Torunianie w piątkowym meczu przełamali tę złą serię i pewnie wygrali z żużlowcami Betard Sparty.
Apator od samego początku prowadził w tym spotkanie. Gospodarze rozpoczęli od mocnego uderzenia pokonując przyjezdnych w dwóch pierwszych biegach podwójnie. Na tablicy wyników było 10-2 i to Wrocławianie musieli gonić wynik. Tylko jak to robić skoro do Torunia przyjechało w zasadzie dwóch i pół zawodników Sparty. Od początku bardzo dobrze na Motoarenie radził sobie Maciej Janowski. „Swoje” punkty zdobywał Artem Łaguta. Nielubiący tego toru Dan Bewley w pierwszym swoim starcie w końcu zanotował zwycięstwo w biegu podczas ligowego meczu w Toruniu.

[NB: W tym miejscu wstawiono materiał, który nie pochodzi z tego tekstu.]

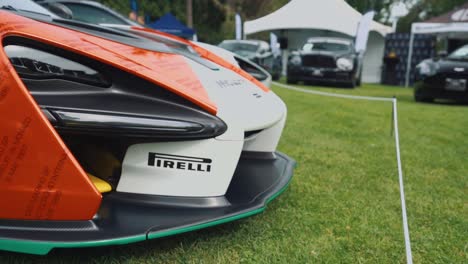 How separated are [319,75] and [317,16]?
3.91 m

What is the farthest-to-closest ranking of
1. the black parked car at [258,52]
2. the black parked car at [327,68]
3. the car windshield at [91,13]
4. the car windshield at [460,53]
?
the car windshield at [460,53] < the black parked car at [258,52] < the black parked car at [327,68] < the car windshield at [91,13]

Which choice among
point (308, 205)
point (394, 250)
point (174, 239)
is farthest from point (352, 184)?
point (174, 239)

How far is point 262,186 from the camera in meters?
1.71

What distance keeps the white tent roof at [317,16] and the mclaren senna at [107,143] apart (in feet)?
4.17

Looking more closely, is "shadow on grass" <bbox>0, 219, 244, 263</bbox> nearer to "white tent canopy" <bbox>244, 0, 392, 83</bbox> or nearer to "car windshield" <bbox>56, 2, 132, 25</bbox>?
"white tent canopy" <bbox>244, 0, 392, 83</bbox>

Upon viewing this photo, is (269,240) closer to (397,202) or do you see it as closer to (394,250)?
(394,250)

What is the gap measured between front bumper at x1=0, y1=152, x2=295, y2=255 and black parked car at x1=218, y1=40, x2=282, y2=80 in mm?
3969

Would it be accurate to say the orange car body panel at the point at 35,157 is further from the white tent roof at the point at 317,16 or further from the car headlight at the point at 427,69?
the car headlight at the point at 427,69

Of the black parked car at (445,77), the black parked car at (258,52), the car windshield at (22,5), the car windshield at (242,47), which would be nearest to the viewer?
the car windshield at (22,5)

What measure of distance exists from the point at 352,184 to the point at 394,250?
0.81 m

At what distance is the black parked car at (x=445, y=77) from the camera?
5.99 m

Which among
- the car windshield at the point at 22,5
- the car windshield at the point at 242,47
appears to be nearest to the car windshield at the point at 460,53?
the car windshield at the point at 242,47

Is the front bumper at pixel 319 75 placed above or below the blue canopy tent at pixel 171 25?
below

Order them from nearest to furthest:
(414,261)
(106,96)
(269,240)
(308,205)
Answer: (106,96) → (414,261) → (269,240) → (308,205)
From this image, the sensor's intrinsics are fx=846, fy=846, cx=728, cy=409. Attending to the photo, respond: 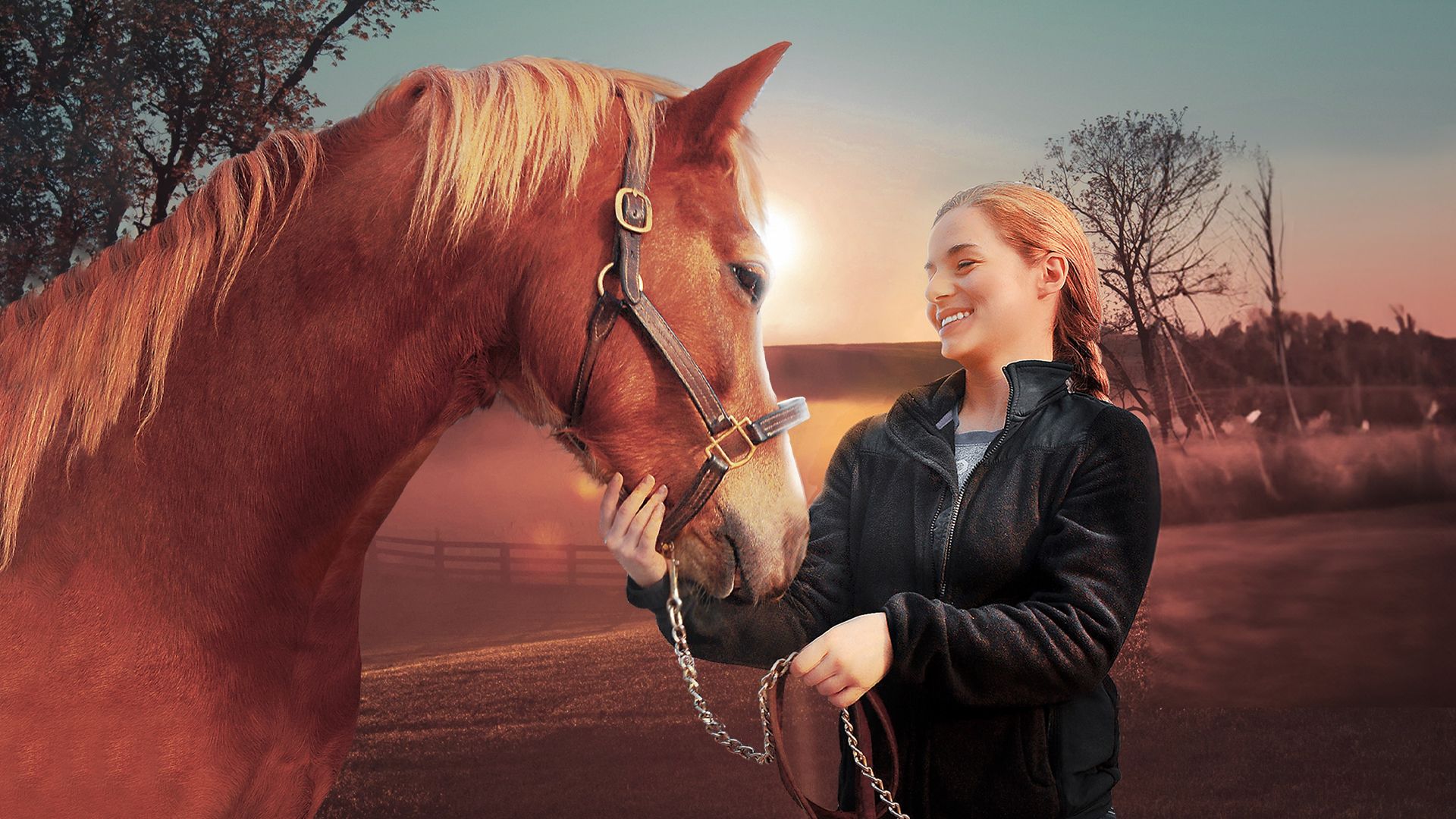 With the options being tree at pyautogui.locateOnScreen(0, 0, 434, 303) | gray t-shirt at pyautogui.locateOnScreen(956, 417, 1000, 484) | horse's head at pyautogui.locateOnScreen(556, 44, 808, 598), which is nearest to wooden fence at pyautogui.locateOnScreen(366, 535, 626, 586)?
tree at pyautogui.locateOnScreen(0, 0, 434, 303)

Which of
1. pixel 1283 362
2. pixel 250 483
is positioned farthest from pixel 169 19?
pixel 1283 362

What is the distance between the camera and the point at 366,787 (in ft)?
12.2

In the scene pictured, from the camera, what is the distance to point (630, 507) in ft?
3.44

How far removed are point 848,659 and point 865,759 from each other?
0.20m

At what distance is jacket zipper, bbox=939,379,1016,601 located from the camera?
1.00 m

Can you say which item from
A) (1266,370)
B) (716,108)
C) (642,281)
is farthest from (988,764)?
(1266,370)

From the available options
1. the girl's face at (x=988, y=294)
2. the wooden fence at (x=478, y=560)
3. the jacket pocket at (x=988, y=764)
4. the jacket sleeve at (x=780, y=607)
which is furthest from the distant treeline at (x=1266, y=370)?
the jacket pocket at (x=988, y=764)

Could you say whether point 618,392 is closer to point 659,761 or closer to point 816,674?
point 816,674

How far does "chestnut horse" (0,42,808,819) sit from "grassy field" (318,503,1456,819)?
273 cm

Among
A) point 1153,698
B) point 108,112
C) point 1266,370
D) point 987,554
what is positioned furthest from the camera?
point 1266,370

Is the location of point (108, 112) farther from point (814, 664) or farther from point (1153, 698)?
point (1153, 698)

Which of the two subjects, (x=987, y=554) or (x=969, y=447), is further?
(x=969, y=447)

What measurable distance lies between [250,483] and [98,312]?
31 cm

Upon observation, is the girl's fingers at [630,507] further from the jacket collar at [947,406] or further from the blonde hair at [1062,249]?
the blonde hair at [1062,249] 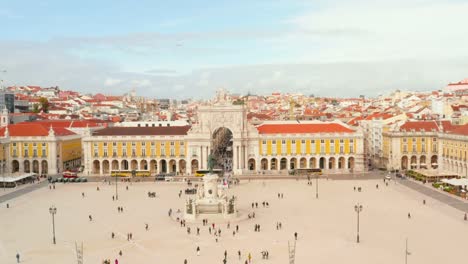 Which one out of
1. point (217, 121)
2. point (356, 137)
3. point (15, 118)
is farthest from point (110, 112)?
point (356, 137)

Ale to było za mało na róno jadącą drużynę gospodarzy. Nie zmienia nawet faktu „słabsza” postawa Emila Sajfutdinowa, który przeciwko Sparcie nie zdobył „trójki”, a zanotował pierwszą zerówkę na torze w Toruniu od bardzo długiego czasu.
Podobnie jak w Częstochowie w meczu przeciwko Sparcie przełamał się Maksym Drabik notując najlepszy występ w tym sezonie, tak samo Paweł Przedpełski zanotował w piątek najlepszy występ w tegorocznych rozgrywkach. Czy zapowiada się nowa reguła, iż przeciwko Spartanom zawodnicy nie mający dobrego sezonu, odjeżdżają najlepszy mecz?
Mimo początkowej przewagi gospodarzy, goście ruszyli do odrabiania strat. I po ósmym biegu, wygranym podwójnie przez parę Maciej Janowski-Artem Łaguta z Emilem Sajfutdinowem i Mateuszem Affeltem wydawało się, że w kolejnych wyścigach goście pokuszą się o zmianę rezultatu na swoją korzyść. Nic z tych rzeczy. Riposta gospodarzy była natychmiastowa. 5-1 w biegu 9 i prowadzenie 6 punktami w całym meczu. Dariusz Śledź wprowadzał rezerwy taktyczne, jednak nie przynosiły one efektu. Gospodarze powiększali swoją przewagę i ostatecznie wygrali różnicą 12 punktów, co pokazuje dużą różnicę jaka dzieliła obie drużyny w tym meczu.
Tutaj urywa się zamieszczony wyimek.